*What the exercise asks*:
The line with "dark blue background" marks the start; please set it down along with all later lines through the end of the material, exactly, leaving out pictures.

*Data*:
================================

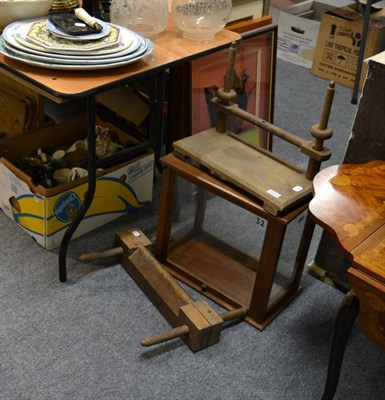 Lot 1201 - A quantity of collectables, light switches, two wooden presses, display cabinet etc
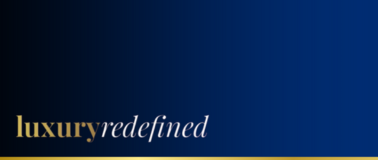 The words "luxury redefined" against a dark blue background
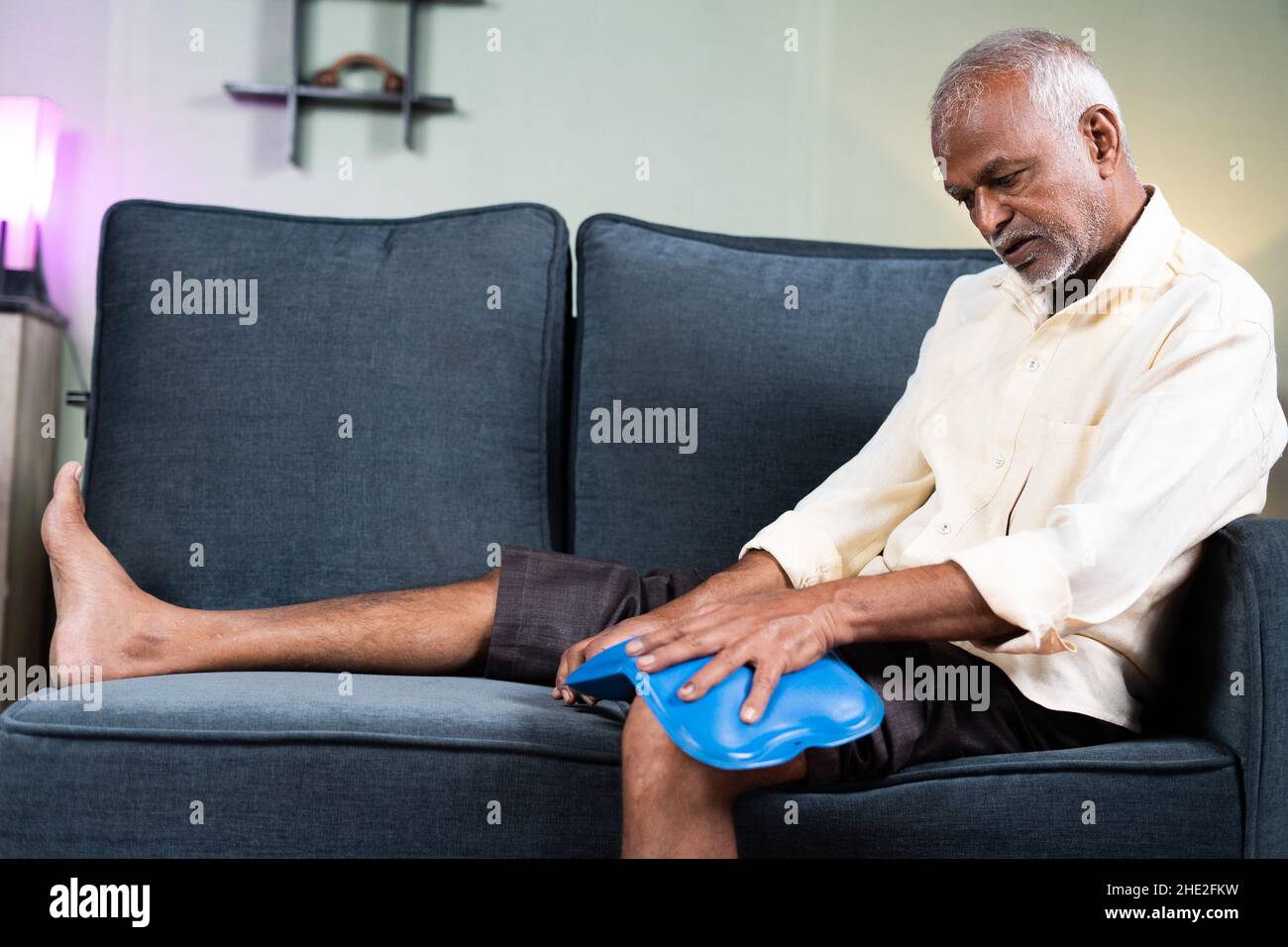 Homme senior utilisant un sac de massage d'eau chaude pour le soulagement de la douleur articulaire de genou tout en étant assis sur le canapé à la maison - concept de traitement d'eau chaude naturelle, muscle Banque D'Images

================================

*Output for this exercise*:
 The words "luxury redefined" against a dark blue background
 Homme senior utilisant un sac de massage d'eau chaude pour le soulagement de la douleur articulaire de genou tout en étant assis sur le canapé à la maison - concept de traitement d'eau chaude naturelle, muscle Banque D'Images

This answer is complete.